I believe many use this as a way to not feel guilty about not tipping. They convince themselves that we're happy with our stars.


----------



## PickEmUp (Jul 19, 2017)

It also sets passenger expectations that for us drivers to get five stars, we have to let them play their music, while providing chargers and aux cables.


----------



## DRider85 (Nov 19, 2016)

Cableguynoe said:


> I'm just saying that every sign out there says "please rate me 5 stars".
> So if you have a sign you're basically letting your pax know stars are important to you.
> I believe many use this as a way to not feel guilty about not tipping. They convince themselves that we're happy with our stars.


Well true but in order for them to tip they have to rate first. So the more ratings the more chance for a tip maybe?


----------



## DocT (Jul 16, 2015)

DRider85 said:


> So the more ratings the more chance for a tip maybe?


Now THAT'S the DRider85 I've been waiting to see.

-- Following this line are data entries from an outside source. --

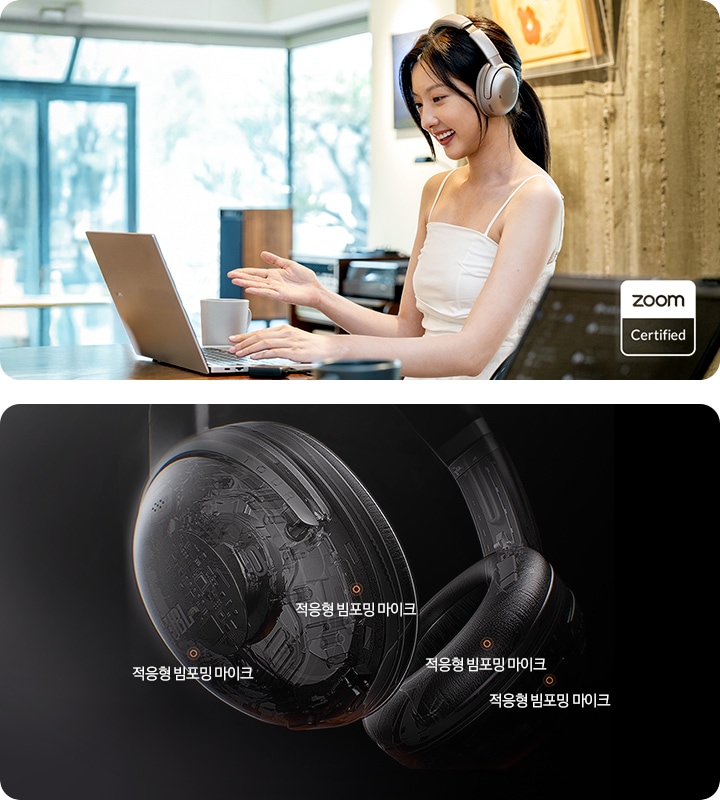 왼쪽은 헤드폰을 착용한 여성이 노트북에 트랜스미터를 연결한 상태로 영상통화를 하고 있습니다. 오른쪽에는 헤드폰 내 적응형 빔포밍 마이크 위치를 표시하고 있습니다.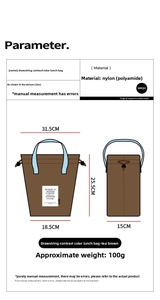 Size guide for drawstring contrast bento bag with tea brown nylon material dimensions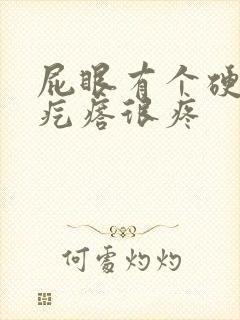 屁眼有个硬硬的疙瘩很疼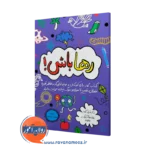 کتاب رها باش شری کومز ترجمه سحر ذبیحیان نشر ارجمند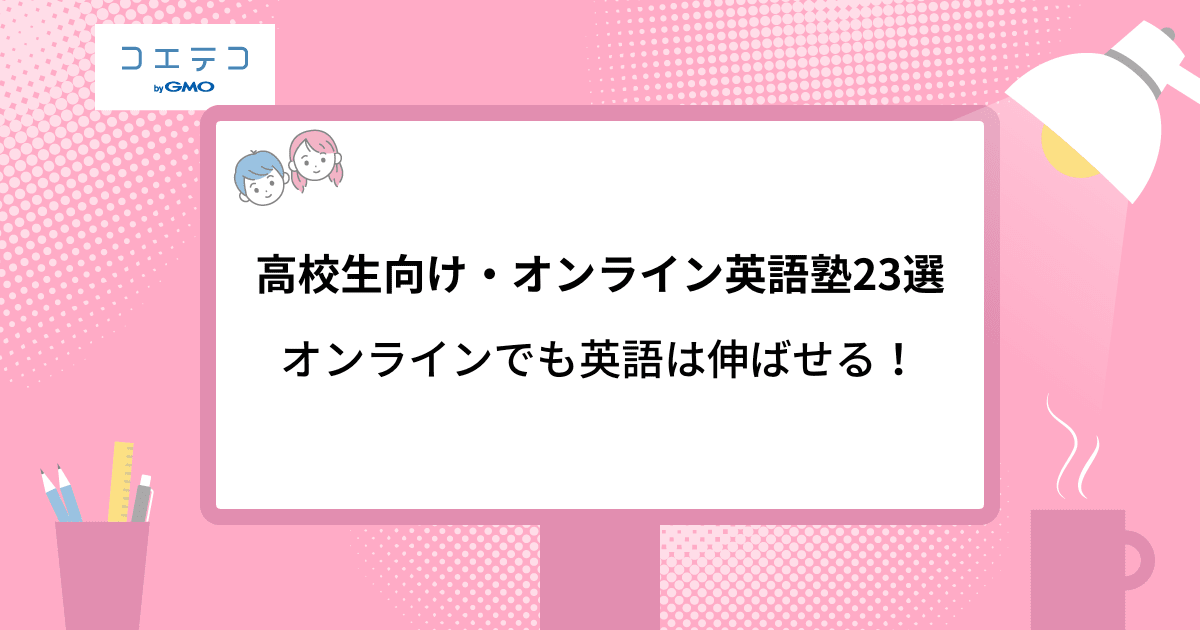 高校生のためのオンライン英語塾23選 メリットや選び方も紹介 コエテコ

And, the colder the water (above freezing), the higher the tips, especially on these hot days.


----------



## MoreTips (Feb 13, 2017)

I have had very good luck with this sign, nothing about stars just cash. I have also seen no negative impact on my rating.


----------



## DRider85 (Nov 19, 2016)

I may have shot myself in the foot. Now people are using the aux and asking for one more than ever and playing the music on full blast. These people are wild. No tips!


----------



## effortx2 (Jun 21, 2017)

If all you want are ratings, then just ask for ratings.


----------



## kdyrpr (Apr 23, 2016)

Never in a million years......


----------



## uberRog (Jul 1, 2017)

I finally tried a sign this week (see below). Last week with no sign, I got 8 in-app tips and about $30 in cash tips. This week WITH the sign: 2 in-app tips and only $10 in cash! And I had some really entertaining rides with good, fun conversation and schlepped a few suitcases around as well. I honestly think signs of any kind that mention tipping turn the pax off to the idea. I had a rider a couple weeks ago say she intentionally DID NOT tip a driver b/c his sign was almost demanding one. Thoughts? I think my sign is pretty tame and not demanding at all.


----------



## kdyrpr (Apr 23, 2016)

You may want to try stopping the message before the Please consider portion. That may help. It is more educational and does not really ask for one. Another thing to try is telling the pax to update the app because their are discounts available after it goes through. Not true of course, but updating will allow them to at least have the option to tip.


----------



## MoreTips (Feb 13, 2017)

I like the sign,give it a little longer. Cheap scumbags will never tip no matter what you do for them, they have found a loophole in the rideshare service were it doesn't hurt them to not to tip, at least until we are all rating passengers accordingly. The sign is more for the People that don't know if they should be tipping (TKs legacy). When driving middle age to elderly riders if we're having a good conversation and they see the sign they more than likely will tip. It just doesn't leave any doubt that you know they know they should tip.


----------